Six inquests have already been held this year into the deaths of ex-carriageworks employees, and another into the death of a woman whose father and two brothers worked there.

Mr Carr, who worked as a fitter in the press shop for 22 years until he emigrated, said he had suffered from a persistent cough for at least 30 years, despite "breathing the purest cleanest air on the face of this earth", and never smoking a cigarette in his life.

And although an X-ray a couple of years ago had given him the "all-clear", the asbestos tragedy still cast a shadow over the lives of him and his wife, Janet.

"After 25 years of a very happy life of sheer bliss down under, it seems rather harsh to have this worry put on our heads," said Mr Carr, who lives in Kelson, near Wellington.

He said he had lost several friends to the illness. "It must be heartbreaking and very sad, for the families of people who have gone through the trauma of losing loved ones, all because the so-called 'big guns' of the time, didn't either want to know or didn't care about the future anguish they were creating for their people.

"I rue the day I ever set foot in the carriageworks."

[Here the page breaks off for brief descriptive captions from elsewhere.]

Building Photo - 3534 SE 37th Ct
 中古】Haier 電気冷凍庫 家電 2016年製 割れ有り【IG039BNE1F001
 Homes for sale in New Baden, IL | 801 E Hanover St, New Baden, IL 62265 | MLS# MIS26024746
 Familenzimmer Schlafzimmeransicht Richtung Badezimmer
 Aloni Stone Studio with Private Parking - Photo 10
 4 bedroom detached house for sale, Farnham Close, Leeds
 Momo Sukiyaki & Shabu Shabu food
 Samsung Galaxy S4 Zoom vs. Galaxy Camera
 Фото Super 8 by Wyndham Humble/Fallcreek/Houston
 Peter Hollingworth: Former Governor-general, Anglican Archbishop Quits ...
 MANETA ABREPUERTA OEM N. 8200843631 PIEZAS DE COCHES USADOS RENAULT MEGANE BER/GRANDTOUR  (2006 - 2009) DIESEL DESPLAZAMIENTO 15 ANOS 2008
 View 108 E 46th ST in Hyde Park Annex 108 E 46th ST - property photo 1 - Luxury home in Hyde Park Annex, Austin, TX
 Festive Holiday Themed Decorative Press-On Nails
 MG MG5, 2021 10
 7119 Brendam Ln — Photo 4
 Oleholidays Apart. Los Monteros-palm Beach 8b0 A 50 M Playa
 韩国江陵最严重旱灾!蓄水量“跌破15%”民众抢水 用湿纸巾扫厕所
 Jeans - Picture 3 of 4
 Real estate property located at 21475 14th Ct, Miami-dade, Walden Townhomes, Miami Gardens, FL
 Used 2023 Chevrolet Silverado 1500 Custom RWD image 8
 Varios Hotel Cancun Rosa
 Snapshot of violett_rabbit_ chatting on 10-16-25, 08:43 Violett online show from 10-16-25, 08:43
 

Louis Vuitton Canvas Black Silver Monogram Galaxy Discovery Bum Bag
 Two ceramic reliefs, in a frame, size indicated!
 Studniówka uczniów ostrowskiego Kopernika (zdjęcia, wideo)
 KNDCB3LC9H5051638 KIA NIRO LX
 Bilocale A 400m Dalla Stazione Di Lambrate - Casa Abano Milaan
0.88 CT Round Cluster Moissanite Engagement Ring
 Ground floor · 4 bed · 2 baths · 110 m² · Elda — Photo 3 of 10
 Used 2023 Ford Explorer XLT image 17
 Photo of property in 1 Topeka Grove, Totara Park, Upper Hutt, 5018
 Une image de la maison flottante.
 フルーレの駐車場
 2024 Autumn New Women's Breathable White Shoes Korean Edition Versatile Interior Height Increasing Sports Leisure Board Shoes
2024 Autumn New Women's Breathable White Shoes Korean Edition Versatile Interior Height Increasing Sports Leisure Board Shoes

His wife told of Peter's endless fascination with trains, from playing with his train set as a boy and trainspotting as a teenager, and "sneaking round railway sheds and yards at all hours. Then in the 1970s, he started building model steam locomotives as a hobby.

"On arriving in New Zealand, Peter quickly sought out the model engineers' track and immediately became a member," she said.

"The first engine he built was a five-inch King Class steam locomotive King George V, which has pulled children and adults alike throughout New Zealand for 25 years."

He made models of the Duchess of Hamilton and Mallard, and then, in 1997, started making a little Welsh narrow gauge engine Owain Glyndwr, which was entered in a convention for model engineers in 2002 and was voted the best engine in the country.